In Book II, Chapter 29, Hobbes writes about the factors that weaken commonwealths. Hobbes returns to his metaphor of the artificial man and extends the metaphor to include the possible death of the commonwealth. Hobbes reminds the commonwealth leaders of their responsibility to use reason as they make and order their government. When commonwealths break down, Hobbes points to disordering of laws which are the lifeblood. Hobbes has already categorized monarchy as a form of commonwealth. Readers must decide if Hobbes describes Cromwell’s commonwealth or the monarchy as constituting an unhealthy government.

Lastly, when in a war, foreign or intestine, the enemies get a final victory, so as, the forces of the Commonwealth keeping the field no longer, there is no further protection of subjects in their loyalty, then is the Commonwealth dissolved, and every man at liberty to protect himself by such courses as his own discretion shall suggest unto him. For the sovereign is the public soul, giving life and motion to the Commonwealth, which expiring, the members are governed by it no more than the carcass of a man by his departed, though immortal, soul.

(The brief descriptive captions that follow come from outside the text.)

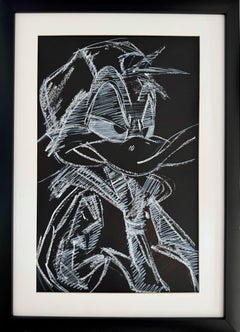 Brouillon, dessin, fusain sur papier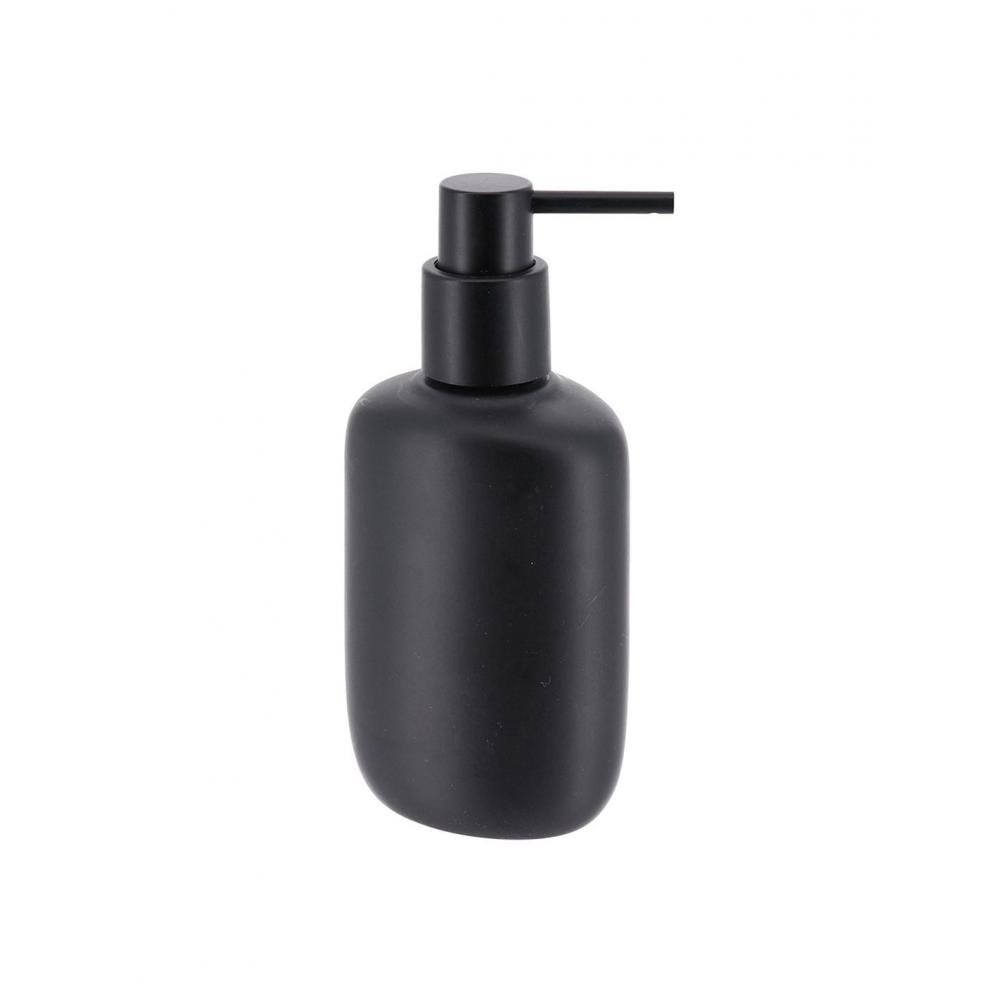 Dispenser μαύρο polyresin 240ml/8x6x17cm Plastona 06.62202103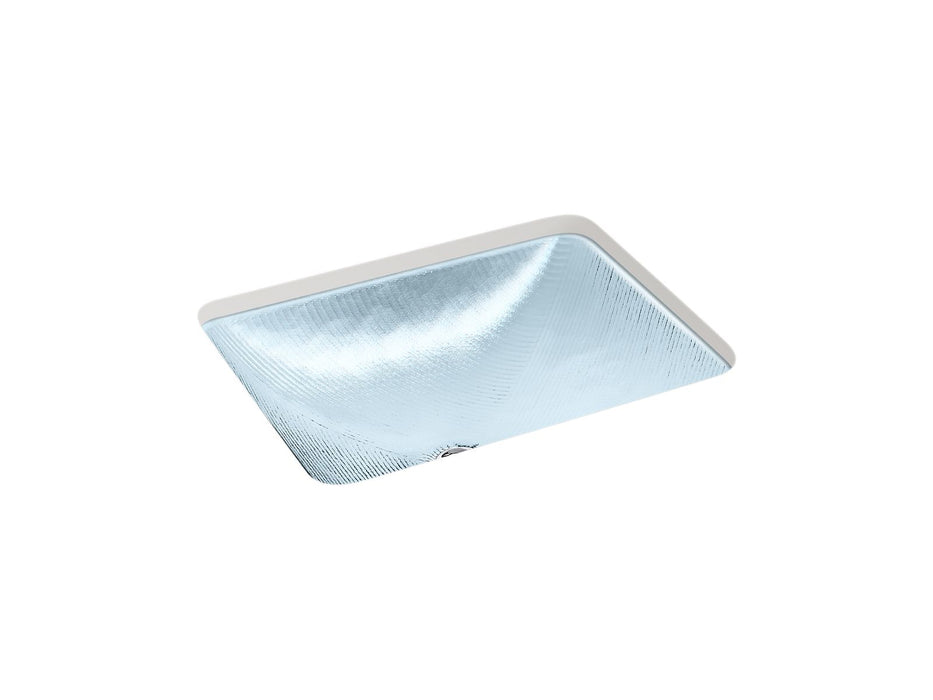 KOHLER K-28823 Yepsen 20" rectangular undermount bathroom sink, no overflow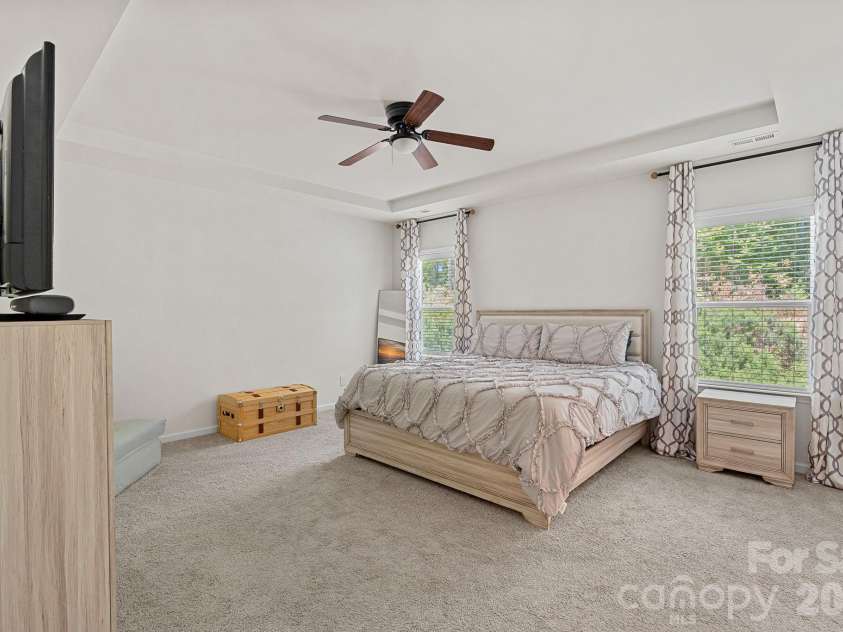 4184 Charlton Road, Fort Mill, SC 29715.  MLS# CAR4381943, YatesRealty ID 22069. Primary bedroom upper level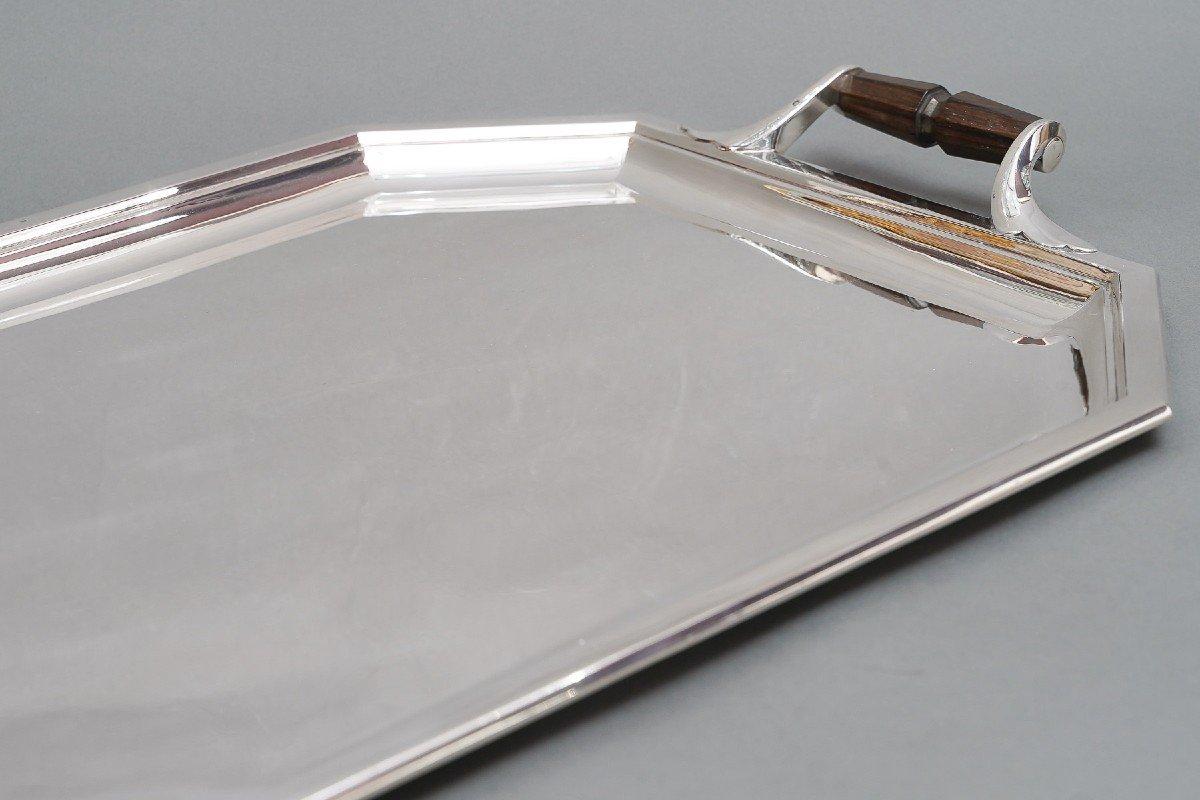 Goldschmied Puiforcat - Tablett in Sterling Silber Art Deco Periode im Angebot 3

At the end of Chapter 29, Hobbes keeps extending his metaphor of the state as an artificial man. Writing during the English Civil War, as Cromwell secures more victories over Royalist forces, Hobbes explains why the subjects no longer owe loyalty to a defeated commonwealth. As he often does, Hobbes plays on the multiple definitions of sovereignty. He reminds readers of the execution of King Charles I, while suggesting that the present commonwealth could expire as well.

Temporal and spiritual government are but two words brought into the world to make men see double and mistake their lawful sovereign. It is true that the bodies of the faithful, after the resurrection, shall be not only spiritual, but eternal; but in this life they are gross and corruptible. There is therefore no other government in this life, neither of state nor religion, but temporal; nor teaching of any doctrine lawful to any subject which the governor both of the state and of the religion forbiddeth to be taught. And that governor must be one; or else there must needs follow faction and civil war in the Commonwealth between the church and state; between spiritualists and temporalists; between the sword of justice and the shield of faith; and, which is more, in every Christian man’s own breast between the Christian and the man.

In Book III, “Of a Christian Commonwealth,” Hobbes joins the heated debate over the nature of Christian government. Book III, with its dense exposition of passages from the Bible, represented to Hobbes and his contemporaries the meat of his argument. Every government in Europe claimed to be Christian. Catholics, Protestants, and Protestant Dissenters had been fighting fierce religious wars for over a century. Here Hobbes makes the case for state control of religion. Elsewhere he distinguishes between public and private worship, with every man free to follow his beliefs in private.